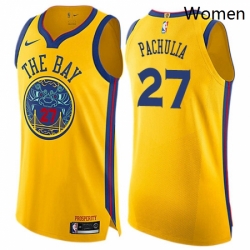 Womens Nike Golden State Warriors 27 Zaza Pachulia Swingman Gold NBA Jersey City Edition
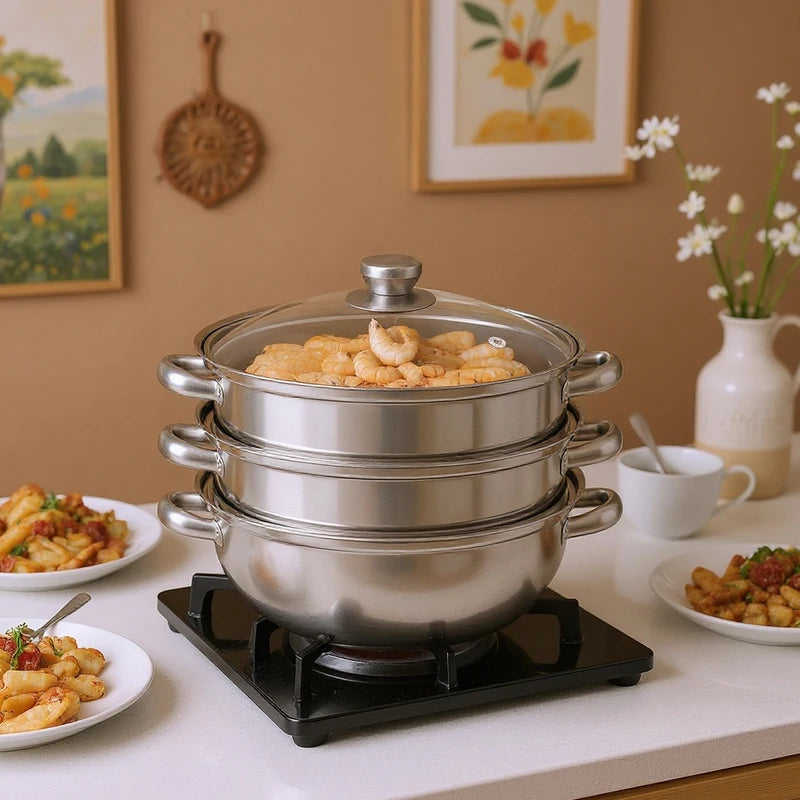 28cm Stainless Steel Multi-Function 3-Tier Steamer Pot for Vegetables Seafood and Soups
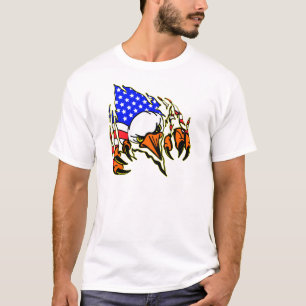 Camiseta Eagle Tearout com tatuagem da bandeira americana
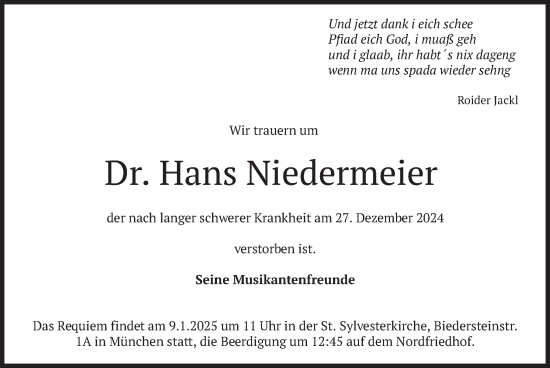 Traueranzeige von Hans Niedermeier von merkurtz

________________________________________

● **REQUIREMENT**
The lines from the one holding "28cm Stainless Steel" through the end of the material above are to be echoed exactly, both ends included. Do not include pictures.

● **EXERCISE SOLUTION**
 28cm Stainless Steel Multi-Function 3-Tier Steamer Pot for Vegetables Seafood and Soups
 Camiseta Eagle Tearout com tatuagem da bandeira americana
 Traueranzeige von Hans Niedermeier von merkurtz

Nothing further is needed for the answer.